Vivace Therapeutics, Inc. is a drug discovery and development company focused on creating cancer therapies that target the Hippo pathway, which plays a crucial role in tissue regeneration and organ development. Established in 2014 and located in the San Francisco Bay Area, Vivace Therapeutics employs an innovative approach to develop small molecule treatments aimed at improving patient outcomes in oncology. The company collaborates with leading academic institutions to advance research and develop therapies that can be used alone or in combination with existing treatments. With a commitment to enhancing cancer care, Vivace Therapeutics is dedicated to delivering novel solutions that can help patients combat cancer more effectively.

Redwood Bioscience is focused on advancing biotherapeutics through precision protein-chemical engineering. Founded in 2008 and based in Emeryville, California, the company specializes in site-specific modification technology, which addresses the challenges of conjugating biologics with synthetic molecules. This innovative approach enables the creation of optimized and novel hybrid biotherapeutics, including antibody-drug conjugates and other semi-synthetic products. By combining the binding specificity and extended half-life of biologic carriers with the potency of small molecules and synthetic peptides, Redwood Bioscience aims to enhance therapeutic efficacy.

Symic Biomedical, based in San Francisco, California, is a biotechnology company founded in 2012 that focuses on developing matrix regulator therapeutics. These therapeutics are designed to target and bind to matrix structures that are damaged due to injury or disease, thereby inhibiting pathological inflammatory responses. The company's research primarily addresses treatments for osteoarthritis and cardiovascular conditions, while also exploring applications in fibrosis, oncology, and diseases affecting the central nervous system. As a subsidiary of Symic Holdings, LLC, Symic Biomedical aims to provide innovative solutions in the healthcare sector through its specialized technology.

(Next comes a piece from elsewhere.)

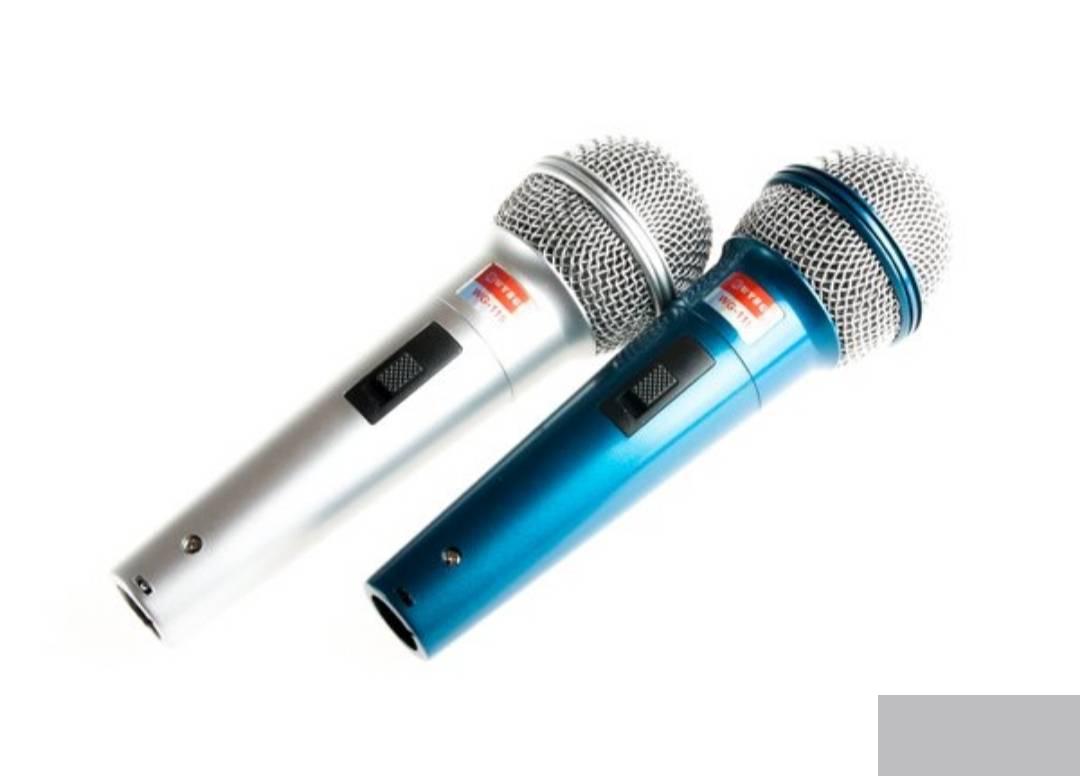 126941286_6195984ccfceb1-375109201637193766423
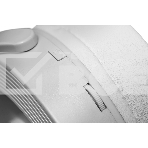 Гарнитура Defender LAMIA 2 RGB USB WHITE REDRAGON, фото6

Circle Pharma, Inc. is an early-stage biotechnology company based in South San Francisco, California, founded in 2012 by Matt Jacobson and Scott Lokey. The company focuses on developing cell-permeable macrocyclic peptide therapeutics by employing proprietary computational design algorithms and innovative synthetic chemistry. Circle Pharma utilizes an iterative design process that leverages large virtual libraries of conformationally diverse macrocycle scaffolds, which are selected for their inherent permeability. This approach allows the company to create first-in-class macrocycle therapies that can be administered through multiple routes, including oral delivery. The therapeutics target challenging clinical issues, particularly intracellular protein-protein interactions that are significant contributors to cancer, thereby addressing unmet medical needs and enhancing the capabilities of healthcare professionals in their treatment efforts.

SiteOne Therapeutics is a San Francisco-based company focused on developing innovative therapeutics and diagnostics for the treatment of acute and chronic pain. The company aims to address the limitations of existing pain management therapies, such as non-steroidal anti-inflammatory drugs (NSAIDs) and opioids, by creating safer and more effective alternatives. Their lead candidates are highly selective inhibitors of the voltage-gated sodium ion channel Naᵥ1.7, which is crucial in the generation and conduction of pain signals. By targeting this channel, SiteOne Therapeutics seeks to provide healthcare professionals with advanced treatment options for neuropathic pain, ultimately improving patient outcomes and efficiency in pain management.

Pionyr Immunotherapeutics Inc. is a biotechnology company based in San Francisco, California, that focuses on developing innovative cancer immunotherapies. Founded in 2015, the company aims to enhance the body's antitumor immunity by targeting the tumor microenvironment. Utilizing advanced target discovery and antibody generation technologies, Pionyr has created a unique approach called Myeloid Tuning™, which modifies the cellular infiltrate within tumors to improve the immune system's response against cancer. This strategy is intended to be particularly effective when used in conjunction with checkpoint inhibitors, offering new avenues for cancer treatment.